TRIBUNTRENDS.COM - Sejak beberapa waktu terakhir, sosok Tiyo Ardianto selaku Ketua Badan Eksekutif Mahasiswa (BEM) Universitas Gadjah Mada (UGM) ramai menjadi buah bibir, terutama di media sosial.
Ia menerima teror setelah melayangkan kritik kepada pemerintah dipicu tragedi kemanusiaan di Ngada, Nusa Tenggara Timur di mana seorang siswa SD nekat mengakhiri hidup akibat jerat kemiskinan yang membuatnya tak mampu membeli buku dan pena.
Tiyo Ardianto kemudian menyoroti kebijakan Presiden Prabowo Subianto, mulai dari keterlibatan Indonesia dalam Board of Peace (BoP) hingga urgensi program Makan Bergizi Gratis (MBG).

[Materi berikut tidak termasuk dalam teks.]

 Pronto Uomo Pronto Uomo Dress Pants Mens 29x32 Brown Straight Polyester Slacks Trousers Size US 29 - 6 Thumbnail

Di balik keberaniannya menyuarakan pendapat, Tiyo ternyata mendapat teror dari nomor asing. Bahkan, keluarganya juga turut diusik.
Ketua Senat Mahasiswa UGM periode 1992-1993, Anies Baswedan angkat bicara soal teror yang menimpa Ketua BEM UGM, Tiyo Ardianto.
Seperti diketahui, Tiyo mendapat sejumlah teror dari nomor asing. Teror tersebut didapatkan pasca BEM UGM melayangkan surat ke Nations Children’s Fund (UNICEF), Jumat (6/2/2026).
Selain teror yang diterima melalui WhatsApp, Tiyo juga dikuntit dan difoto dari jarak jauh oleh dua orang tidak dikenal.
Teror itu kemudian merembet ke keluarga Tiyo dan anggota BEM UGM yang lain.
Baca juga: Teror Ketua BEM UGM, Rocky Gerung Yakin Bukan Prabowo yang Mengancam, Dugaan Sosok Pelaku: Ngomporin
Anies mengatakan kebebasan berpendapat seharusnya dilindungi, dan yang berkewajiban melindungi adalah negara.
"Karena itu adalah perintah konstitusi. Jadi berikan ruang (kebebasan berpendapat), lindungi, dan kalau ada teror negara berkewajiban melakukan investigasi," katanya usai Diskusi Intelektual Muslim di Masjid Ulil Albab UII, Jumat (20/2/2026).
Manurut dia, dengan investigasi yang dilakukan negara, maka dapat memberikan rasa aman.
Tidak hanya untuk mahasiswa yang mendapatkan teror, namun seluruh masyarakat yang menyampaikan pendapat.
Baca juga: Tiyo Ardianto Ketua BEM UGM Kritik soal MBG, Natalius Pigai Sebut Menentang HAM: Tidak Punya Nurani
Gubernur DKI Jakarta periode 2017-2022 itu pun mendorong agar Ketua BEM UGM melaporkan teror yang dialami ke pihak berwajib. Dengan demikian, pelaku teror dapat diketahui.
"Yang penting laporkan, dan negara wajib mencari tahu siapa yang melakukan teror," lanjutnya.
Ia menambahkan jika teror menimpa masyarakat yang menyampaikan kritik, tentu masyarakat akan kehilangan rasa aman.
"Sementara rasa aman kan dibutuhkan di negeri ini," pungkasnya.